Regional coast guard commander Capt. Pedro Tinampay told DZBB radio in Manila that the movement of cargo inside the ferry may have contributed to the accident. The ferry was carrying heavy construction materials and bags of rice.
Distraught relatives waited at the Ormoc city port on Friday for news of the missing, after a sleepless nighttime vigil, while others checked hospitals and morgues for their loved ones.
At the port, 10-year-old Gilbert de la Cruz kept his eyes fixed on the partially submerged wooden hull where his mother, eight-year-old sister and one-year-old brother were believed trapped.
“I’m very sad because I don’t know if they are still alive,” said the boy, who survived the accident by clinging to empty water drums that kept him afloat until the coast guard rescued him.
“I am never riding a boat again,” he told AFP, as he was comforted by his aunt whose eyes were swollen from crying.
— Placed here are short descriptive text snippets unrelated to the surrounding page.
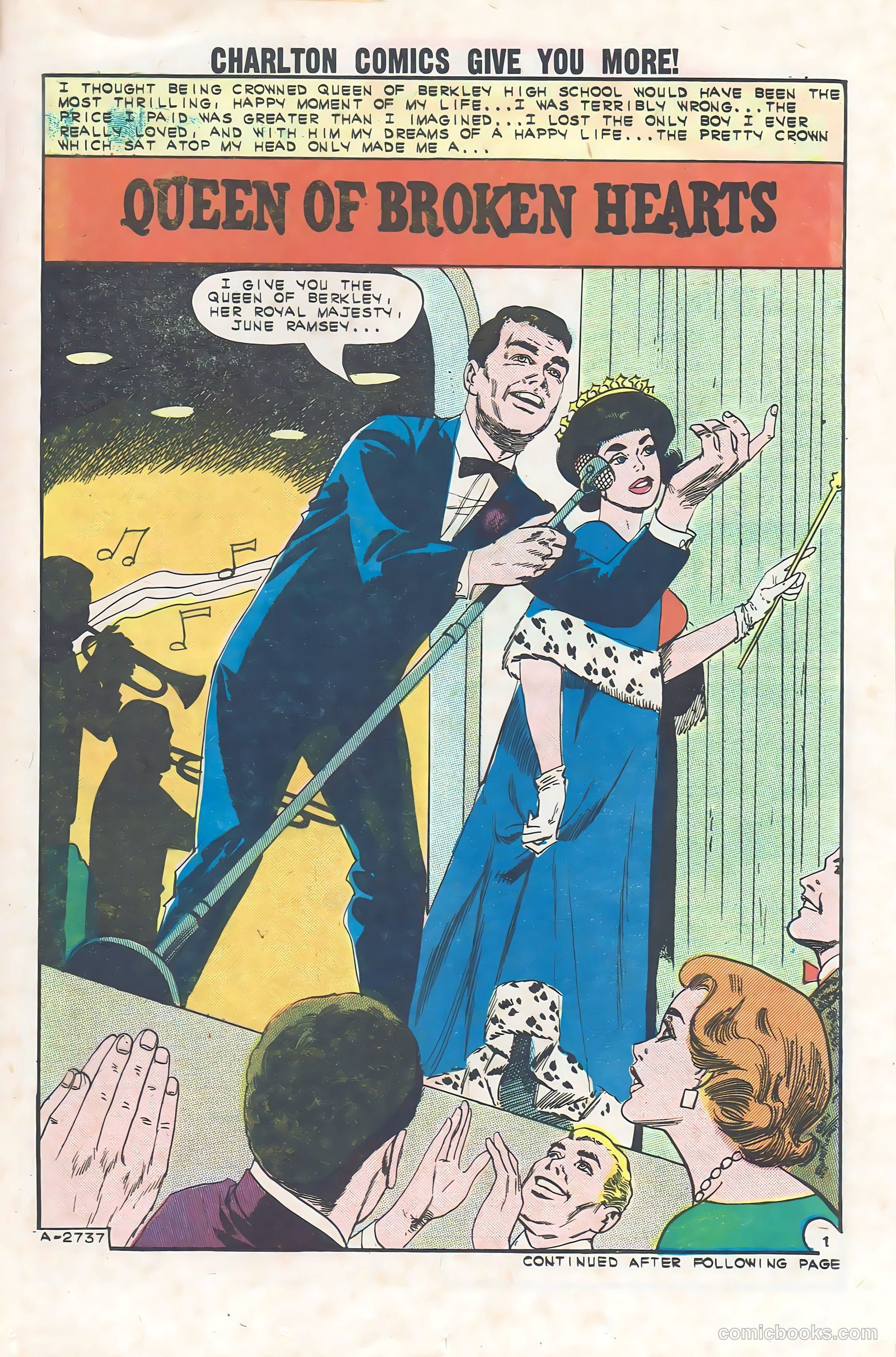 Teen-Age Confidential Confessions #19 (1963) — page 21 of 36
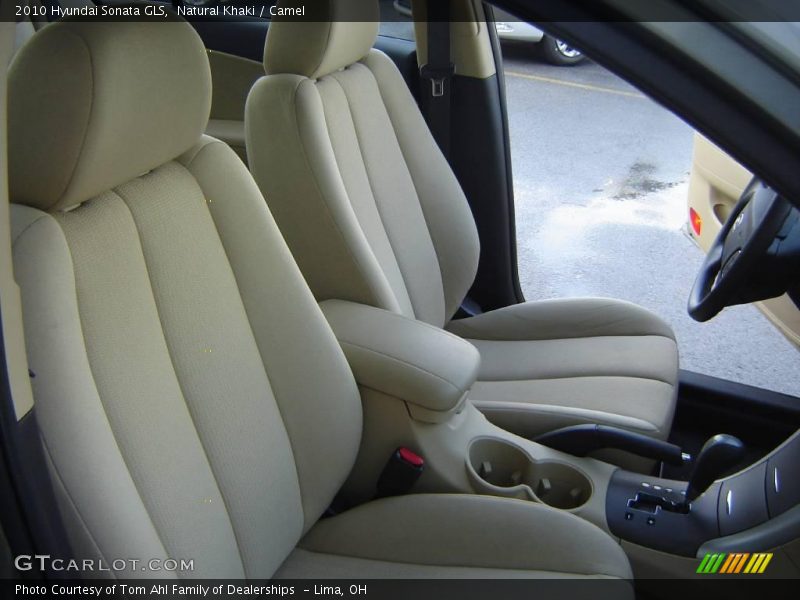 Natural Khaki / Camel 2010 Hyundai Sonata GLS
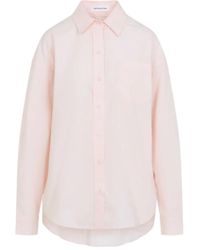 Frankie Shop - Pocketed Cotton Shirt - Lyst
The authorities have said they are puzzled as to how the accident happened in relatively calm waters, but discounted speculation that the ferry was overloaded.
Survivors have recounted how the 33-tonne vessel was backing out of the port when it suddenly overturned, giving them no chance to put on life jackets.
Coast guard and navy rubber dinghies circled the hull Friday, but no survivors have been found since Thursday afternoon. Local officials have said that 125 people have been rescued, leaving 26 unaccounted for.
Poorly maintained, loosely regulated ferries are the backbone of maritime travel in the sprawling archipelago of 100 million people.
The boats have had frequent accidents in recent years, claiming hundreds of lives, including the world’s worst peacetime maritime disaster in 1987 when the Dona Paz ferry collided with an oil tanker, leaving more than 4,300 dead.
Many of the ferry disasters occur during the typhoon season between June and October, when strong winds also unleash deadly floods and landslides.
Ormoc, a regional economic and transportation hub of about 200,000 people, is located in a disaster-prone eastern region that is regularly hit by some of the approximately 20 tropical storms and typhoons that blow in from the Pacific each year.